Here’s a breakdown of what major forecasting groups are projecting:
| Organization | 2026 Forecast (30-Year Fixed) | Key Assumption |
|---|---|---|
| Fannie Mae | ~6.1% (Q1), declining toward 5.9% by year-end | Inflation continuing to cool gradually |
| Mortgage Bankers Association (MBA) | 6.1% – 6.2% through most of 2026 | Rates have largely bottomed out for now |
| National Association of Realtors (NAR) | Declining toward ~6.0% | Gradual Fed policy easing continues |
| Redfin / Realtor.com | ~6.3% average for 2026 | Economy stays resilient; no major recession |
| Bankrate | Range of 5.7% – 6.5% through 2026 | Volatility remains due to tariffs / geopolitics |
One name to keep in mind is Danielle Hale, chief economist at Realtor.com, who described 2026 as “a small improvement, but at this point, any improvement helps.” That sums up the general mood among most forecasters — cautiously optimistic, not wildly enthusiastic.

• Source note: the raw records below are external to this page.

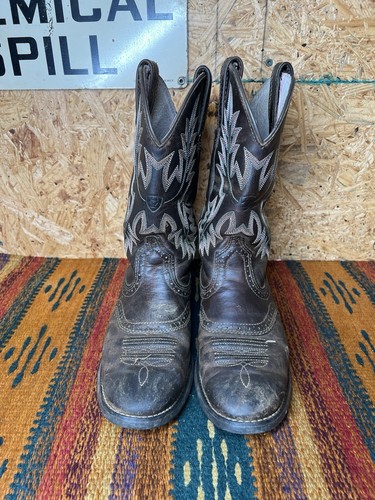Ariat Women Cowboy Boots Used 7.5 B Heritage Stockman Brown Leather 29427 - Picture 18 of 21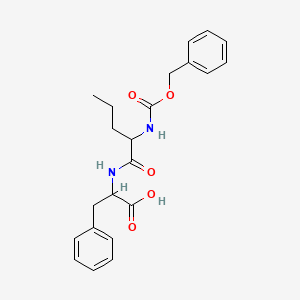 molecular formula C22H26N2O5 B14010957 3-Phenyl-2-[2-(phenylmethoxycarbonylamino)pentanoylamino]propanoic acid CAS No. 63623-59-6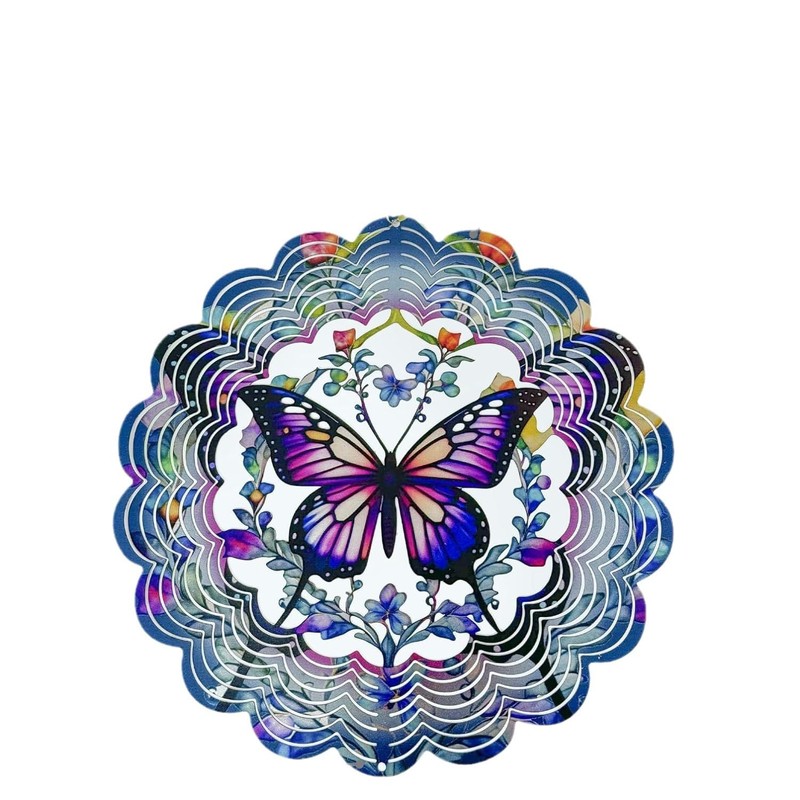 Butterfly Wind Spinners Metal Hanging Wind Spinner for Outdoor &
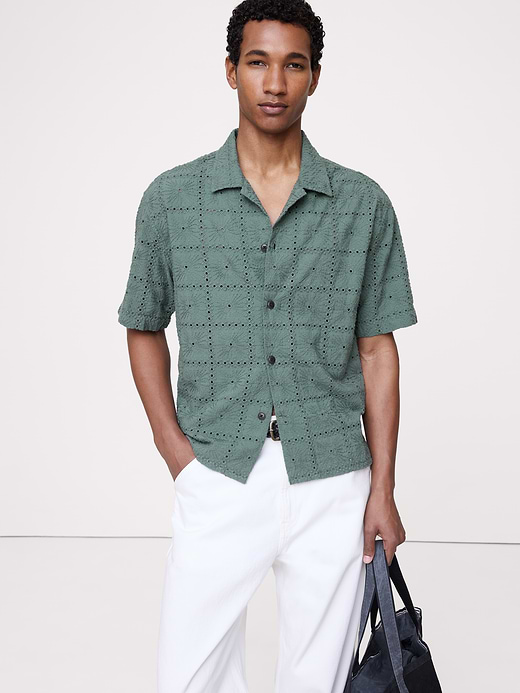 Banana Republic Relaxed-Fit Embroidered Cotton Eyelet Resort Shirt — photo 1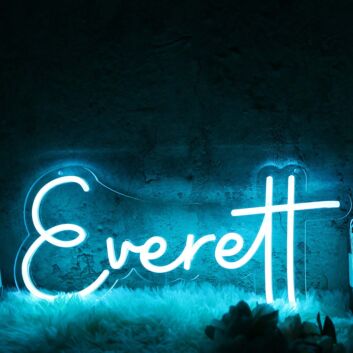 Everett Blue Name Neon Sign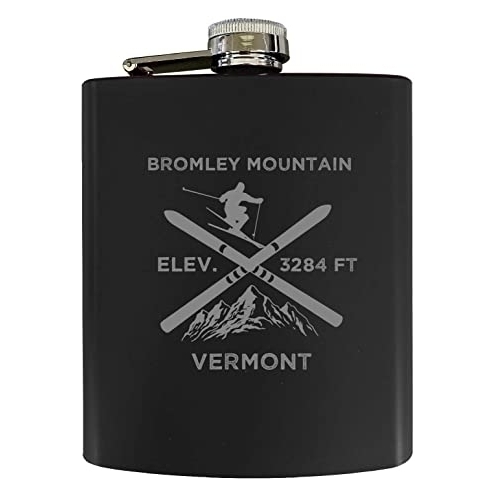 Bromley Mountain Vermont Ski Snowboard Winter Adventures Stainless Steel 7 Oz Flask Black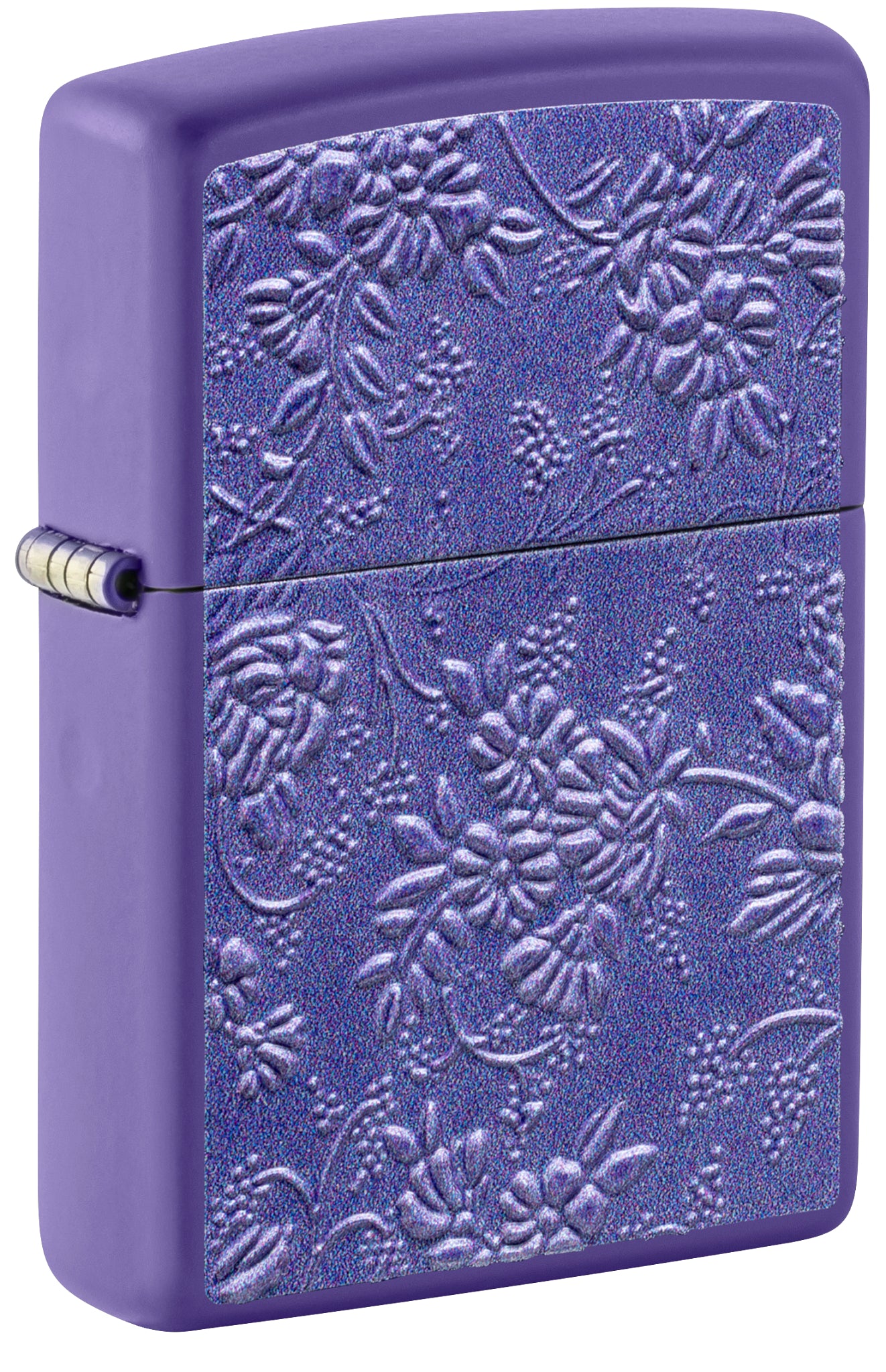 Front shot of Zippo Texture Bouquet Design Purple Matte Windproof Lighter standing at a 3/4 angle.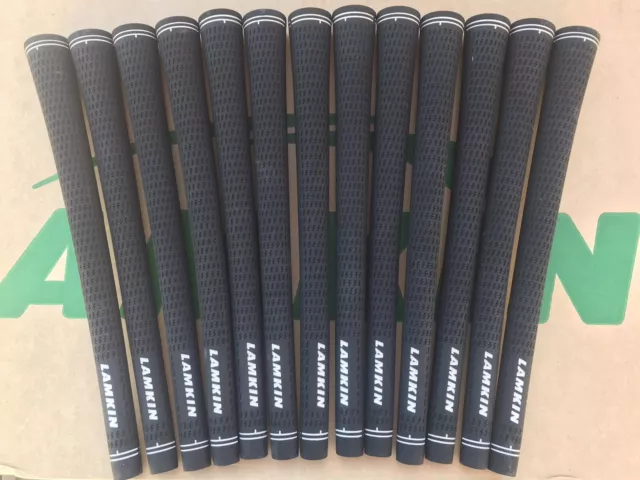 Lamkin Crossline Black Mid 58 Cr Rd Grips x 13 + Free Grip Tape/Putter Grip (7)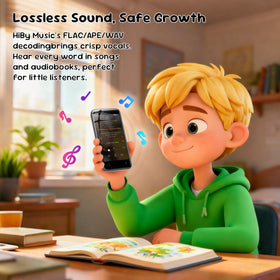 Globluum MP3 Player for Kids screen display demonstrates kid-friendly interface and quick navigation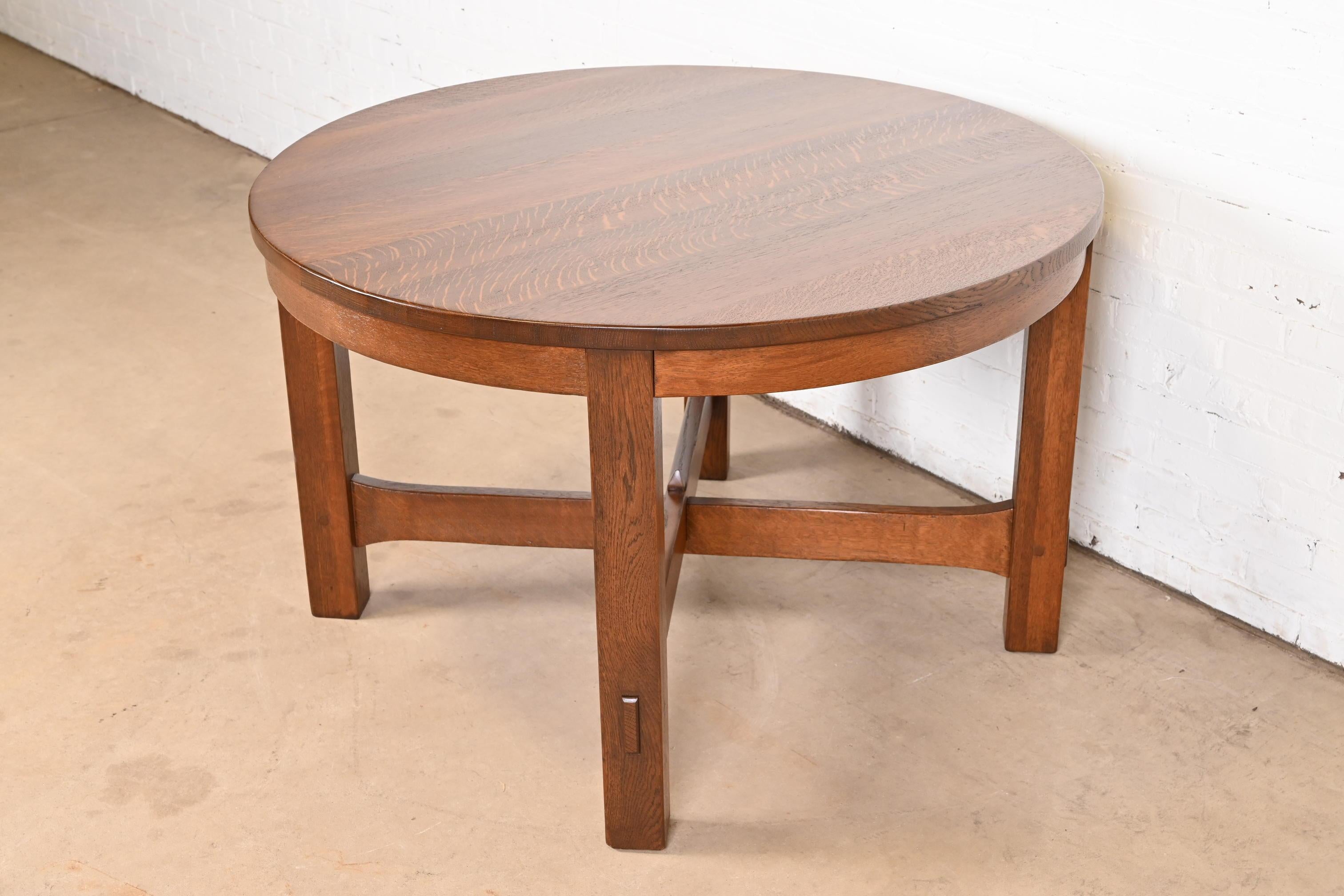 Arts and Crafts Gustav Stickley Antique Mission Oak Arts & Crafts Round Dining Table, Restored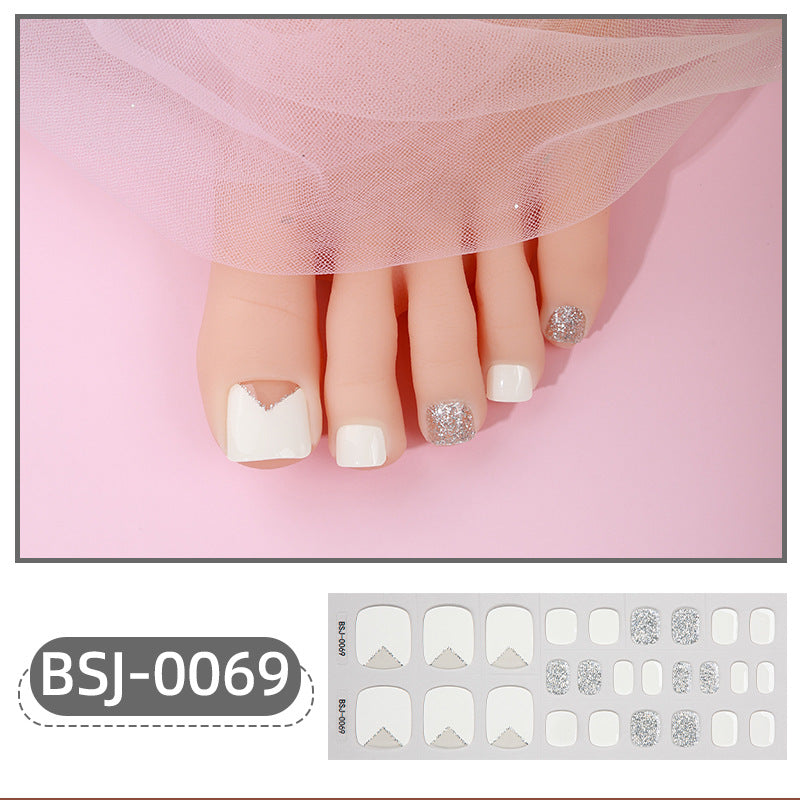 Semi-Cured Gel Nail Strips Elegant Brightening Glossy Toe Style (MOQ=3)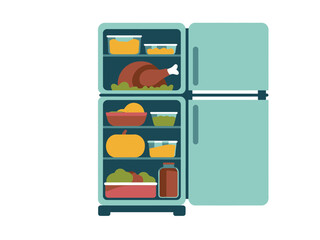 A refrigerator is filled with various foods, including a whole turkey.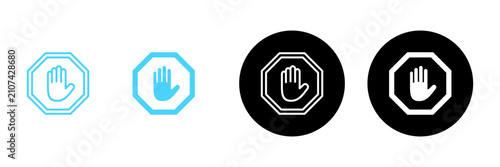 Stop icon vector. stop road sign. hand stop sign and symbol. Do not enter stop red sign with hand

What’s especially worth noting is that almost nobody in the expert community expects rates to return to 3% or 4% in the foreseeable future. Those pandemic-era lows were tied to extraordinary, once-in-a-generation emergency economic policies — and those conditions are very unlikely to repeat.
What Could Push Mortgage Rates Lower (or Higher)?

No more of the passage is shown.